JoeyLLM is an open-source, developer-led initiative to build Australia’s first sovereign foundational language model (LLM)—designed to reflect national values, understand local language, and serve long-term public and strategic interests.
This is not a fine-tuned version of an overseas model. JoeyLLM is foundational infrastructure—a homegrown base layer for AI innovation, national capability, and digital independence.
Simple Explanation - imagine you're talking to a really, really smart parrot that has read almost the entire internet. That's kind of what a large language model (LLM) is like - a computer program that has learned to understand and generate human language by studying a massive amount of text. When you talk to it, it tries to figure out what you mean based on what it has "read" before and then puts together a response that sounds like a human wrote it.
Extended Explanation - a Large Language Model is a fundamentally complex statistical model built using neural network principles and trained on massive datasets to perform language-related tasks. It takes text as input and produces text as output. Think of the LLM as a function with a vast internal state (the parameters). The input text is like the arguments you pass to the function. The function then processes this input based on its learned internal state and returns an output string (the generated text). The training process is like a very long and complex optimization algorithm that tunes the internal state (parameters) of the function to perform the task of language generation effectively.
Today’s AI models are overwhelmingly developed offshore, trained on global data that doesn’t reflect Australian context, needs, or sovereignty.

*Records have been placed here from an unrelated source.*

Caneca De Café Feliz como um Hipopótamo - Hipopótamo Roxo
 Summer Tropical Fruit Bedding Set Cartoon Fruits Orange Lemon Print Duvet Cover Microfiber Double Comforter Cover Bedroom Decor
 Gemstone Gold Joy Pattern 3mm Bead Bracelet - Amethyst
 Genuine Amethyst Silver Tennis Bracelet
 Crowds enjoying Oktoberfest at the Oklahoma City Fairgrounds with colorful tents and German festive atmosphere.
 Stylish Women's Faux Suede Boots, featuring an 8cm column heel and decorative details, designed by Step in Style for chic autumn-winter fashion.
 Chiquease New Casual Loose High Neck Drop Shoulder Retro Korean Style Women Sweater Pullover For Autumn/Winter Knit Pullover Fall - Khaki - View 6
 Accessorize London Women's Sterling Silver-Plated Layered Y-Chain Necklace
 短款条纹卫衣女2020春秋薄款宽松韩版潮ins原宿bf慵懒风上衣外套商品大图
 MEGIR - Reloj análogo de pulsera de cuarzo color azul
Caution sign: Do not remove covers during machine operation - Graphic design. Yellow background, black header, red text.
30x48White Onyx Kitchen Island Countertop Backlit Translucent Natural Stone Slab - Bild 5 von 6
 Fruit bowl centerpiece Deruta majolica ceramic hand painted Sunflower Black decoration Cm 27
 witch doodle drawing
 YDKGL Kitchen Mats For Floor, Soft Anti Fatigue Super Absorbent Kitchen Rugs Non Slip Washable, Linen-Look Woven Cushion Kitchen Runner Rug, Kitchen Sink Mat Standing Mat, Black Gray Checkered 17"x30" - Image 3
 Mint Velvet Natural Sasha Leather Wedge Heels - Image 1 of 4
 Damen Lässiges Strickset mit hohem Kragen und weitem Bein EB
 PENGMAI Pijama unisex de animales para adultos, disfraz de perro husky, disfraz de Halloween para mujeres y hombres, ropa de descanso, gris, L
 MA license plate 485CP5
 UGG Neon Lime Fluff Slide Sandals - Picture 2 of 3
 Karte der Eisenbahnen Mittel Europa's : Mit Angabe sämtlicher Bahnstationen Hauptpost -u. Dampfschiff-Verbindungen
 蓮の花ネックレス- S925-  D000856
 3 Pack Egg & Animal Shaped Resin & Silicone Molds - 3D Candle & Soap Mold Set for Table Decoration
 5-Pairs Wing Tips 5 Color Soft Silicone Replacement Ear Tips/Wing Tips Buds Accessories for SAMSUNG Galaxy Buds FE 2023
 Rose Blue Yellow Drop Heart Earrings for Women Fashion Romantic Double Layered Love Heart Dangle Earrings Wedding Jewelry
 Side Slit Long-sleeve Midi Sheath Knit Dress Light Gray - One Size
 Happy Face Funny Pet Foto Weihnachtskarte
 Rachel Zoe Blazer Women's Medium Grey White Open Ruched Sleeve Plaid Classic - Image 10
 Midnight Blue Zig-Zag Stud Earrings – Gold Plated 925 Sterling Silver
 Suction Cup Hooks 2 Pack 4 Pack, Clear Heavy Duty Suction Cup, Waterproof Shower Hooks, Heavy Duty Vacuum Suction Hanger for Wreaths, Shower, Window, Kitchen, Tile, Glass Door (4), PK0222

JoeyLLM is designed to change that.
- ✅ Open Source – Transparent, auditable, and permissively licensed
- ✅ Trusted Infrastructure – Built with a focus on safety, integrity, and national interest
- Build an Australian foundational LLM using high-quality, diverse, and locally relevant datasets
- Support downstream applications across research, public sector, education, and national industries
- Release open-source training pipelines, datasets, and model checkpoints for auditability and reuse
- Contribute to long-term sovereign digital capability through open infrastructure
JoeyLLM is built using modern transformer-based architectures, designed for performance, extensibility, and fine-tuning across multiple domains.
Focus areas include:
- Pretraining on Australian-relevant corpora and curated local knowledge
- Training on secure, Australian-hosted compute infrastructure
- Supporting downstream fine-tuning for health, education, legal, public sector, and more
- Publishing model weights, code, and documentation for transparency and open science
JoeyLLM is driven by a DevRes (developer-researcher) community focused on building real public-interest AI. You can help by contributing to:
-
Model training & evaluation
-
Dataset curation and filtering
-
Tooling, docs, and audits
-
Deployment and benchmarking
-
📢 Join the discussion: GitHub Discussions
-
🛠️ Contribute: See our Contributing Guide
-
📄 Docs & Resources: Visit the Wiki
-
📉 Data Collection: See data collection and how to contribute
JoeyLLM is released under an open-source license to support sovereign AI development in the public interest. You’re welcome to fork it, build on it, and use it to support downstream applications across research, public services, and responsible innovation.
JoeyLLM is being developed to meet Australia’s strategic need for a locally governed foundational model—one that supports national resilience, trusted public-sector adoption, and innovation rooted in Australian values.
This is not just a model—it’s foundational AI infrastructure for a sovereign digital future.